>>>
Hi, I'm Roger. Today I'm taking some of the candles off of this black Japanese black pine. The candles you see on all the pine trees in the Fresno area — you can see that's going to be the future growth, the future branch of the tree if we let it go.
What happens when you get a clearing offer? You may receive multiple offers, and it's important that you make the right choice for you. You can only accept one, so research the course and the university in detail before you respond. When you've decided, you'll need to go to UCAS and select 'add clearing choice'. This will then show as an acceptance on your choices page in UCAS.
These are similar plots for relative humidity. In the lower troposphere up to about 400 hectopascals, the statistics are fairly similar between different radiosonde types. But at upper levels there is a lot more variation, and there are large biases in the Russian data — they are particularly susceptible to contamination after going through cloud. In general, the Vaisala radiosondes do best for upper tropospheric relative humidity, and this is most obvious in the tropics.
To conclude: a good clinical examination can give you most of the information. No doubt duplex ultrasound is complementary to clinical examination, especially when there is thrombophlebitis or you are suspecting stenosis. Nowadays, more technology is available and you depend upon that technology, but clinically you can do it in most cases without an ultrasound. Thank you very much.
<<<
>>>
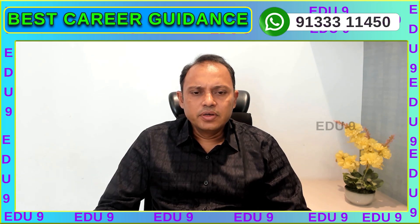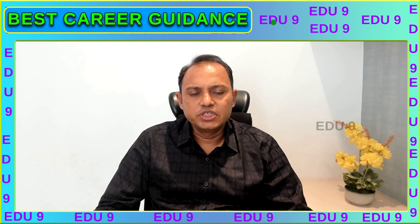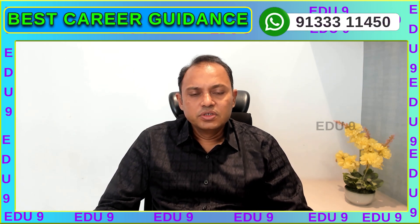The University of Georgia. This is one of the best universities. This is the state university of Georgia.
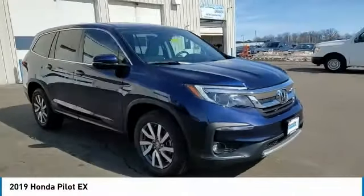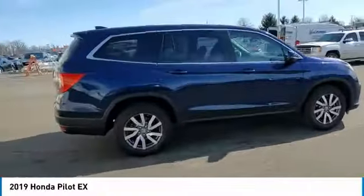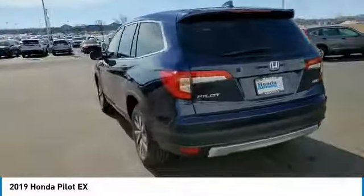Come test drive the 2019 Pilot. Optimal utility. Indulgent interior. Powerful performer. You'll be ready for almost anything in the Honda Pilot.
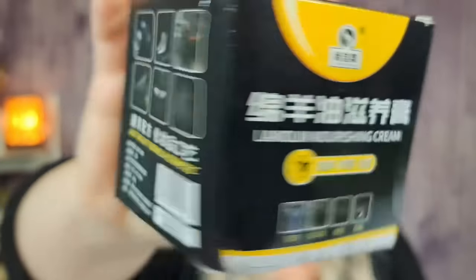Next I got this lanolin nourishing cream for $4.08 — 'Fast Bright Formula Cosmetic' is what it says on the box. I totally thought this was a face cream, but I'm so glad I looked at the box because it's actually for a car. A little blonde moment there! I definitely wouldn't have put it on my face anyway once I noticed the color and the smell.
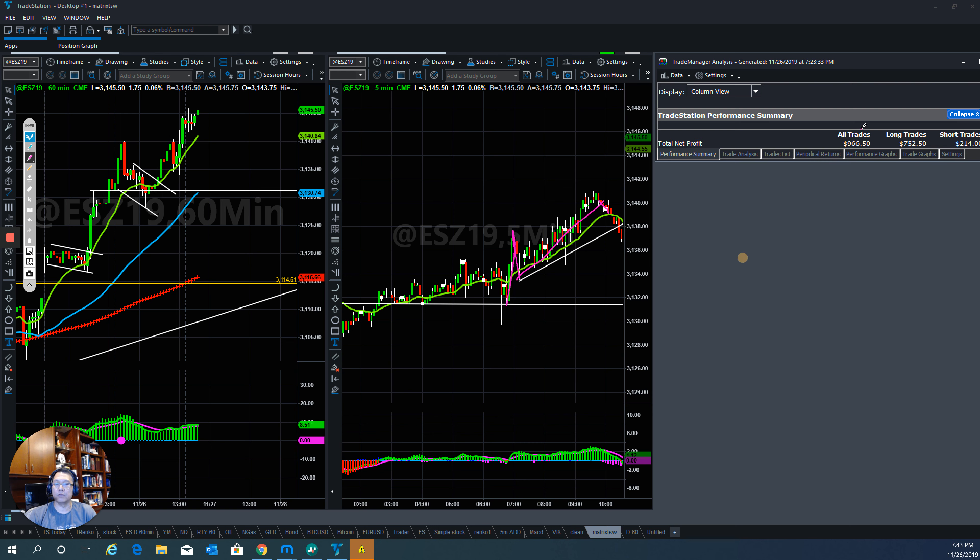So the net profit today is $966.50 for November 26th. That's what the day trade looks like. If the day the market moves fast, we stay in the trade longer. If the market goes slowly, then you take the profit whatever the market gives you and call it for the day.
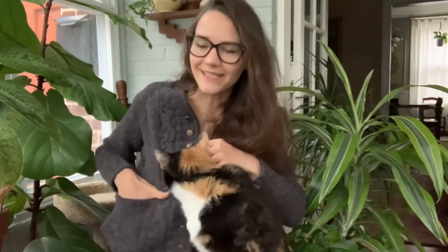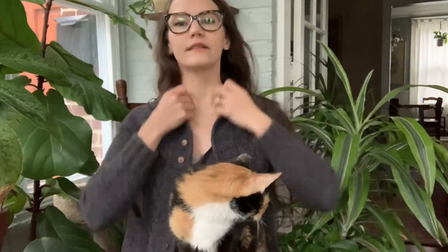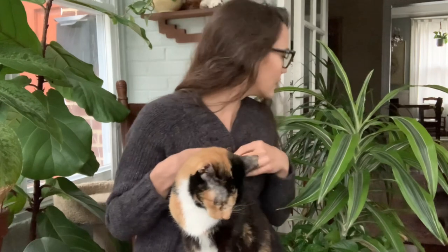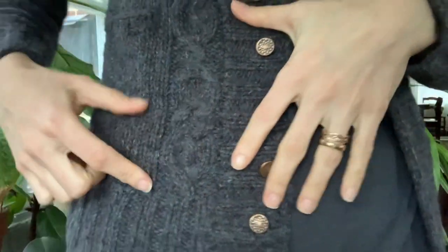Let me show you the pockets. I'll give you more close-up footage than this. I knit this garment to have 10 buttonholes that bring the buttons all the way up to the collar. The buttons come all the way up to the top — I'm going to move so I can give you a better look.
<<<
>>>
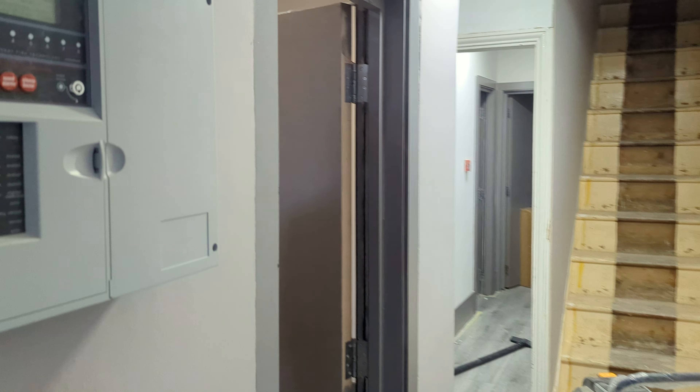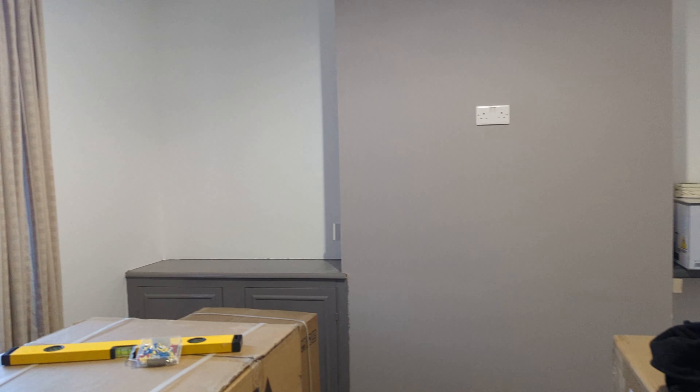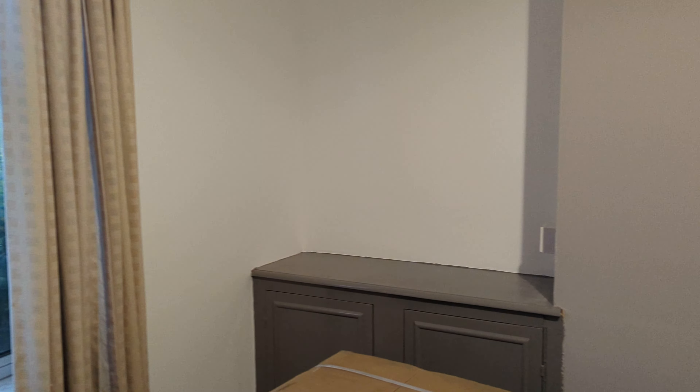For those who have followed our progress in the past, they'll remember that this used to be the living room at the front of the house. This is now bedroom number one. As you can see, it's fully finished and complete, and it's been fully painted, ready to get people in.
<<<
▶ _Task brief_
Reproduce exactly the stretch of the material above that starts at the line with "These are similar" and ends at the line with "To conclude: a", both included, and nothing else.

▶ _Output of the exercise_
These are similar plots for relative humidity. In the lower troposphere up to about 400 hectopascals, the statistics are fairly similar between different radiosonde types. But at upper levels there is a lot more variation, and there are large biases in the Russian data — they are particularly susceptible to contamination after going through cloud. In general, the Vaisala radiosondes do best for upper tropospheric relative humidity, and this is most obvious in the tropics.
To conclude: a good clinical examination can give you most of the information. No doubt duplex ultrasound is complementary to clinical examination, especially when there is thrombophlebitis or you are suspecting stenosis. Nowadays, more technology is available and you depend upon that technology, but clinically you can do it in most cases without an ultrasound. Thank you very much.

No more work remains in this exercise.